The second component is an environment synthesis framework that turns QA instances into executable, rule‑verifiable code environments. Human‑written question‑answer pairs are parsed to extract a semantic topology, which is then compiled into independent Python scripts together with a suite of deterministic tests. Because the environment’s state transitions and reward signals are fully specified, online reinforcement learning can be performed with stable, reproducible feedback.

Training proceeds in two stages: (i) SFT on the synthetic trajectories to obtain a strong base policy, and (ii) multi‑turn online RL across a diverse set of generated environments. The RL reward combines the same seven metrics, encouraging both task completion and interaction efficiency. An “irrelevant‑tool mixing” technique penalizes unnecessary tool calls, further promoting concise behavior.

Experiments on multiple benchmarks—including BFCL v3, ToolBench, and ReAct—show that ASTRA‑trained models achieve state‑of‑the‑art performance among models of comparable size, often surpassing them by 5–12 percentage points. The gains are especially pronounced on long‑horizon, multi‑turn tasks where prior methods struggled. Moreover, ASTRA models exhibit fewer redundant tool calls and higher overall efficiency, narrowing the gap to closed‑source commercial systems such as ChatGPT‑4.

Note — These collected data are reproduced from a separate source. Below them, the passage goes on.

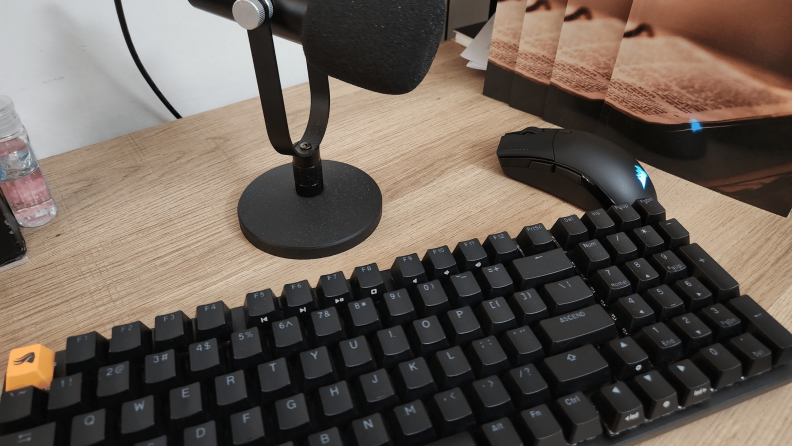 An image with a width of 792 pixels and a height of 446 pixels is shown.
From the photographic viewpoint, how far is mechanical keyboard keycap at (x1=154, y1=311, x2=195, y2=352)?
0.36 meters

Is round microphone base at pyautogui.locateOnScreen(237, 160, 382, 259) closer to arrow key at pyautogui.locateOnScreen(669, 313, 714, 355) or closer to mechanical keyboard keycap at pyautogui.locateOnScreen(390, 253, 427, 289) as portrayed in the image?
mechanical keyboard keycap at pyautogui.locateOnScreen(390, 253, 427, 289)

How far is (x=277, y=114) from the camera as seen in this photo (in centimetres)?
47

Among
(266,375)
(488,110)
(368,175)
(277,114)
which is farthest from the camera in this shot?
(488,110)

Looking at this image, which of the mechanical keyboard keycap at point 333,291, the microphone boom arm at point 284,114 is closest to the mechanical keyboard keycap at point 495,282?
the mechanical keyboard keycap at point 333,291

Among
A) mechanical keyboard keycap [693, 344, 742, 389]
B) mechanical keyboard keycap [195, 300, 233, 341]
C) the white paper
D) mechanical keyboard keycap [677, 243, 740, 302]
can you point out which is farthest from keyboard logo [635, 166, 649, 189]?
mechanical keyboard keycap [195, 300, 233, 341]

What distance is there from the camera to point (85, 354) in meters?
0.35

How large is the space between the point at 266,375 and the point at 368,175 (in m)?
0.29

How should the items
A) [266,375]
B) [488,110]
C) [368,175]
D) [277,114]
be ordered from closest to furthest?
[266,375]
[277,114]
[368,175]
[488,110]

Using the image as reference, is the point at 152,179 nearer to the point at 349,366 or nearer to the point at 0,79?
the point at 0,79

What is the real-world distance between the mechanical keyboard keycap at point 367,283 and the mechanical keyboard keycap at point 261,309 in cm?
6

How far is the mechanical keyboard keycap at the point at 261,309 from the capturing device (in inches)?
15.0

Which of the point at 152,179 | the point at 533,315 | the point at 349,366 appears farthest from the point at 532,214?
the point at 152,179

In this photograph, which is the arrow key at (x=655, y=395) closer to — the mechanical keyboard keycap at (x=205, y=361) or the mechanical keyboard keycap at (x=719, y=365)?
the mechanical keyboard keycap at (x=719, y=365)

All pipelines, synthesized tool documents, trajectories, environments, and trained checkpoints are released publicly on GitHub, ensuring reproducibility and enabling future research to extend the framework to new domains and toolsets. In summary, ASTRA provides a comprehensive solution that automates data generation, creates verifiable RL environments, and unifies supervised and reinforcement learning to produce robust, generalizable tool‑using agents.